[Records contained in a dataset]
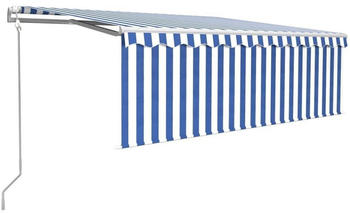 vidaXL Markise mit Windsensor & LED 450x300cm blau/weiß (3069331)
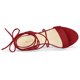 thumbnail image 4 of Sandalias de Tacón Alto Allegra K con cordones Talón Abierto para Mujeres Rojo 40, 4 of 7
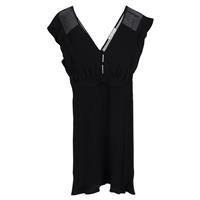 Sandro V-Neck Dress In Viscose Women Black S - S Regular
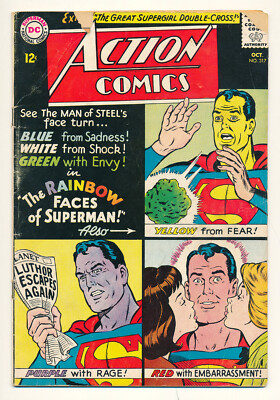 DC Action Comics Issue #317 Comic Book Superman's Rainbow Face! 3.0 G/VG 1964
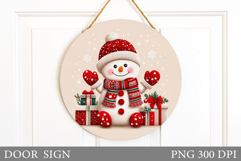 Christmas Snowman Door Sign. Christmas Door Sign Design Product Image 1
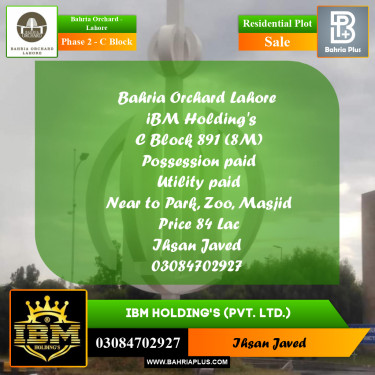8 Marla Residential Plot for Sale in Phase 2 - C Block -  Bahria Orchard, Lahore - (BP-267251)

• What you need to do: The records above need to be printed in full and exactly, without any of the pictures.

• Answer space:
 vidaXL Markise mit Windsensor & LED 450x300cm blau/weiß (3069331)
 thumbnail image 4 of Sandalias de Tacón Alto Allegra K con cordones Talón Abierto para Mujeres Rojo 40, 4 of 7
 Sandro V-Neck Dress In Viscose Women Black S - S Regular
 DC Action Comics Issue #317 Comic Book Superman's Rainbow Face! 3.0 G/VG 1964
 Christmas Snowman Door Sign. Christmas Door Sign Design Product Image 1
8 Marla Residential Plot for Sale in Phase 2 - C Block -  Bahria Orchard, Lahore - (BP-267251)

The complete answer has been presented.